The relevant provisions are these:-
- An application for a GRC is made under S.1(1). Anyone doing so must under S.1(6) make a statutory declaration as to whether or not they are married.
- If they are married they also need to state whether it’s a marriage under the laws of England and Wales, Scotland, NI or a country outside the UK – S.1(6)(A).
- Under S.1(6B), the married applicant must also include a statutory declaration by their spouse that they consent to the marriage continuing after the issue of a full GRC (a statutory declaration of consent) or a declaration that they have not made such a declaration. In short, the panel determining the application needs to be told the spouse’s view on the continuation of the marriage given that its fundamental basis will change on the grant of a GRC. A woman who married a man will find herself, after a GRC is issued, married to a legal woman i.e. in a same sex marriage.
- If the spouse has given their consent, they will be given notice by the Panel that an application for a GRC has been made – S.1(6D).
- There are equivalent provisions for marriages in other parts of the UK, forced marriages and for civil partnerships.
What happens if a spouse does not consent
- This is covered in Section 4 – Successful Applications. (Note the heading.)
- Under S.4(3) the applicant gets an interim gender recognition certificate.
- An interim GRC will be turned into a full GRC if, within 6 months, the wife consents to the marriage continuing after the issue of a full GRC – S.4A(2)(d) i.e. the woman changes her mind.
So there is no veto. What there is instead is a pause to allow the wife to decide what to do about her marriage. During that pause the applicant has an interim GRC.
What is the point of that six month pause?
Well, this should be obvious but let’s spell it out. It is to allow the wife to decide what to do about a marriage which has fundamentally changed. Instead of being married to a man, she will find herself married to a man who says he is a woman and seeks to change his birth certificate to say so. It is not simply that she will be married to a woman in the future. She is being told that she has always been married to a woman.
– She can either decide to consent.
– Or she can apply for an annulment of the marriage on the grounds that an interim GRC has been issued. Once that nullity of marriage order has been made, the court must issue a full GRC – S.5(1)(a). In short, the interim GRC starts the process of annulling the marriage to allow the final GRC to be issued.
– Or she can apply for an annulment of the marriage on other grounds and once that happens a full GRC is granted – S.5(2) – (7).
Alternatively, a spouse can seek a divorce after the interim GRC has been granted.
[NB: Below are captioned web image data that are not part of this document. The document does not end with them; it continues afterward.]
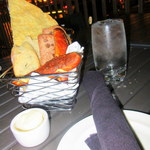 Chicago Cut Steakhouse - テーブルセット、パンもバターも上質です。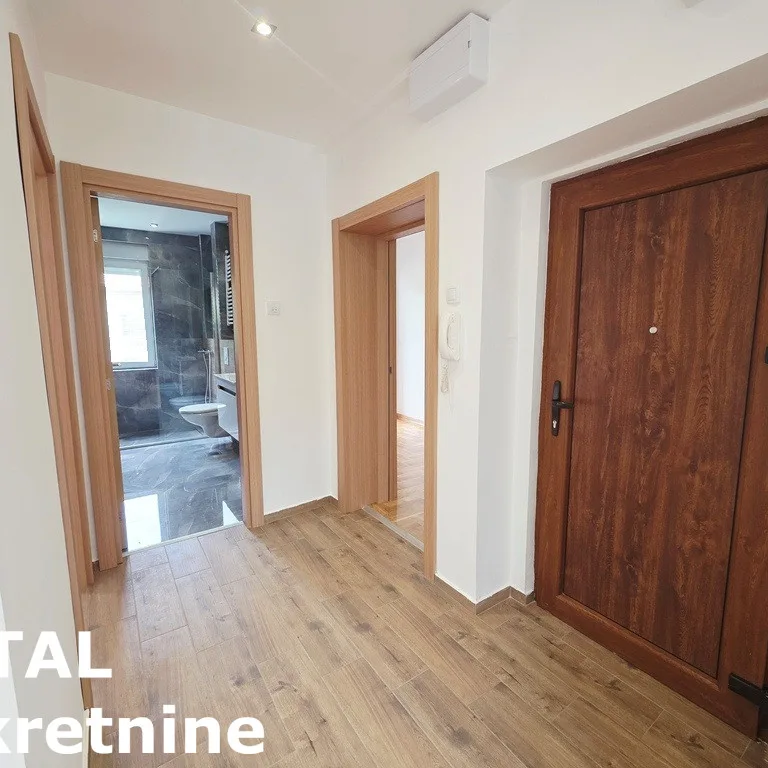 Dvoiposoban stan na prodaju, Grbavica, Novi Sad, 49m², 3. sprat, 145.900 €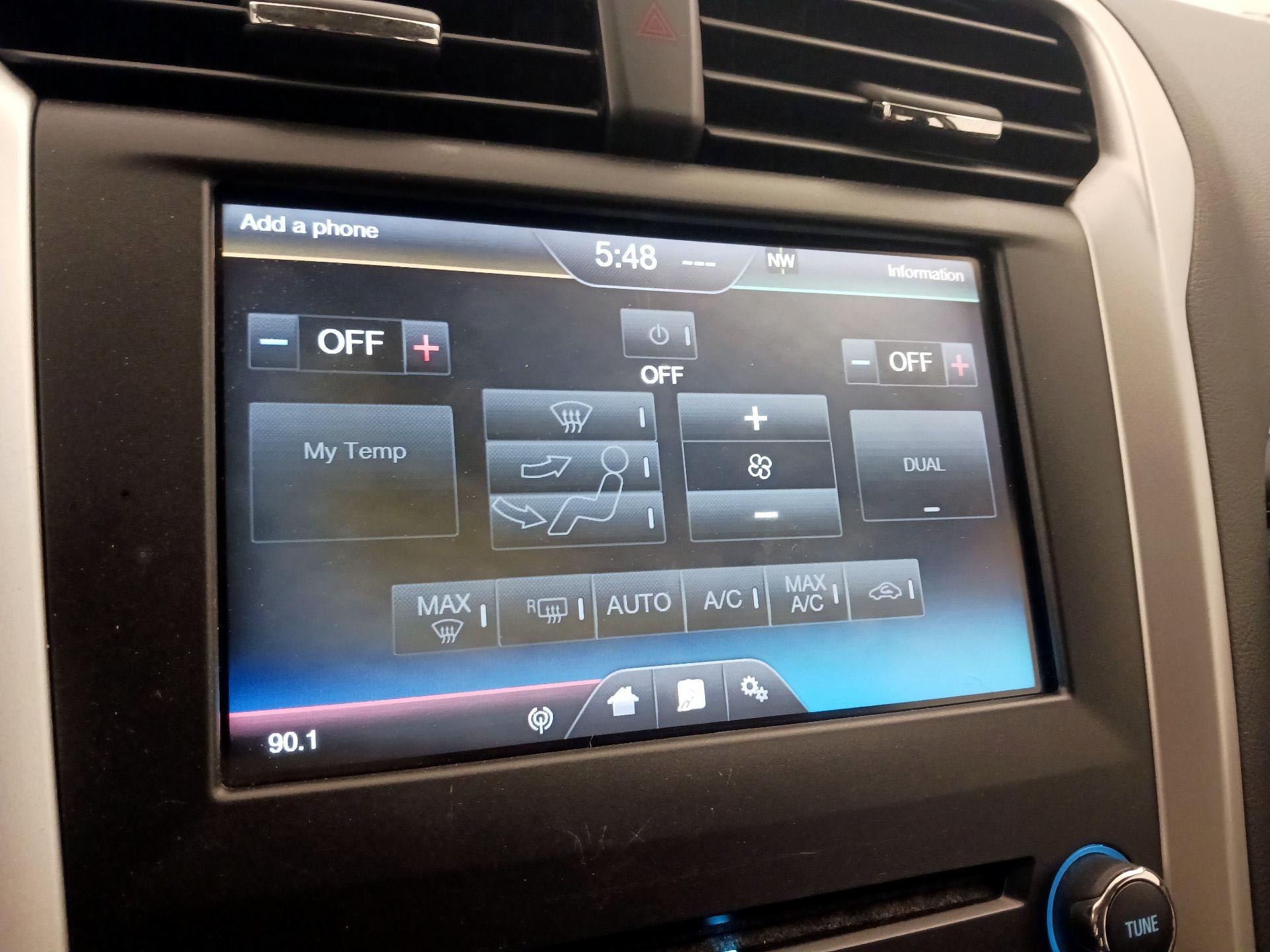 Thumbnail: 2016 Ford Fusion - 16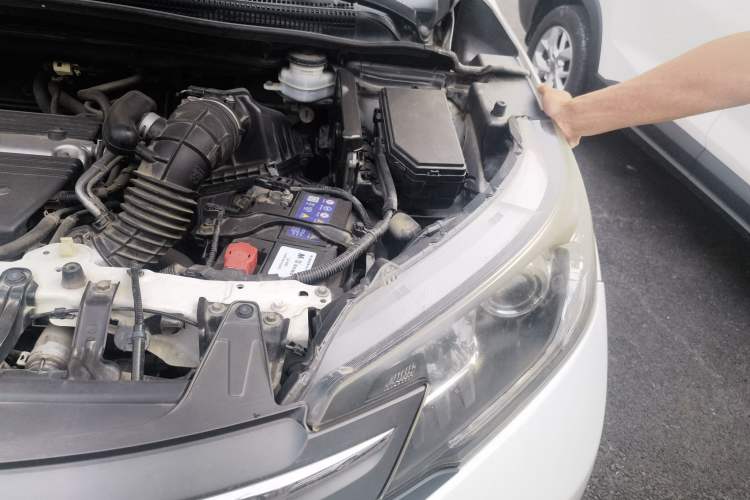 Used Honda CR-V 2013 2.4L four-wheel drive luxury version Engine Bay Left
Why does the pause matter?
Two main reasons:
- A divorce is not the same in law as an annulment and it can have consequences in other areas which can lead to prejudicial effects for the woman. One obvious area is for religious women. A divorce may prevent them from partaking fully in religious life and practices. An annulment through the religious courts can take a long time. Why should a woman be denied the benefits of something which matters to her when there is an alternative – annulment, provided for by the Act, triggered by the steps taken by her husband and which, crucially, does not deny him the GRC he is seeking? Denial of this to religious women may also potentially constitute discrimination on the grounds of religion.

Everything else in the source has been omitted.